Capivasertib (Monograph)

Brand name: Truqap(https://www.truqap.com)
Drug class: Antineoplastic Agents

Medically reviewed by Drugs.com on Oct 10, 2024. Written by ASHP.

Introduction

Antineoplastic agent; a kinase inhibitor.

Uses for Capivasertib

Breast Cancer

Used in combination with fulvestrant for treatment of adults with hormone receptor (HR)-positive, human epidermal growth factor receptor type 2 (HER2)-negative, locally advanced or metastatic breast cancer with 1 or more PIK3CA/AKT1/PTEN-alterations as detected by an FDA-approved test following progression on ≥1 endocrine-based regimen in the metastatic setting or recurrence on or within 12 months of completing adjuvant therapy.

Guidelines recommend capivasertib in combination with fulvestrant as a second- or third-line treatment option in patients with HR-positive, HER2-negative metastatic breast cancer with PIK3CA or AKT1 mutation or PTEN inactivation.

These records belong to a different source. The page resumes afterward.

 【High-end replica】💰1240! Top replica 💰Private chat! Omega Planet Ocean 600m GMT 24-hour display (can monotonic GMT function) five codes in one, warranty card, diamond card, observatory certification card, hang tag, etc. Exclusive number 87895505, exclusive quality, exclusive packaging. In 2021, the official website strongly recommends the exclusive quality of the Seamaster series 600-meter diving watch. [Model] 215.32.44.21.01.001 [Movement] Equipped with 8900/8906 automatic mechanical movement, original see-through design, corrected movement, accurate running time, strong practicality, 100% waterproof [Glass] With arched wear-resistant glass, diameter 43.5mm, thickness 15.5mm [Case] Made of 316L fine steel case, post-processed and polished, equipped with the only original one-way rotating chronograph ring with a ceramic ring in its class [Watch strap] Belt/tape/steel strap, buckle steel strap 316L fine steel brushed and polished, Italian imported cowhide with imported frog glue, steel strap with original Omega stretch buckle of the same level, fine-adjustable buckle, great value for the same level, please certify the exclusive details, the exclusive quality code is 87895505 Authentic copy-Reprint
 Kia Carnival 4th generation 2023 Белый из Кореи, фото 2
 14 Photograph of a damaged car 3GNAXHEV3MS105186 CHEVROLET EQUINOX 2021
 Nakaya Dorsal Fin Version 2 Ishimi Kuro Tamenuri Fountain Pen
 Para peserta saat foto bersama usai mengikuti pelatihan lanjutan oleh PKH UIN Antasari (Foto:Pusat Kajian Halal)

Capivasertib Dosage and Administration

General

Pretreatment Screening

Confirm presence of ≥1 genetic alteration (PIK3CA, AKT1,or PTEN) in tumor tissue by an FDA-approved diagnostic test prior to initiating therapy with capivasertib.
Assess fasting plasma glucose and HbA_1c prior to initiating capivasertib; optimize serum glucose levels prior to treatment.
Verify pregnancy status in females of reproductive potential.

Patient Monitoring

Monitor fasting plasma glucose at least every 2 weeks for the first month and at least once a month starting with the second month, prior to the scheduled dose of capivasertib. Monitor fasting plasma glucose more frequently in patients with a history of diabetes mellitus and in patients with risk factors for hyperglycemia (e.g., obesity [BMI ≥30 kg/m²], elevated fasting glucose >160 mg/dL, HbA_1c at or above ULN, concomitant use of systemic corticosteroids, or intercurrent infections).
Monitor HbA_1c every 3 months.
Monitor for signs or symptoms of hyperglycemia. Closely monitor patients with diabetes.
If hyperglycemia occurs following initiation of capivasertib, monitor fasting glucose as clinically indicated, and at least twice weekly until fasting glucose decreases to normal levels. During treatment with antihyperglycemic medication(s), continue monitoring fasting glucose at least once a week for 8 weeks, followed by once every 2 weeks, and as clinically indicated.
Monitor for signs or symptoms of diarrhea.
Monitor for signs or symptoms of cutaneous adverse reactions.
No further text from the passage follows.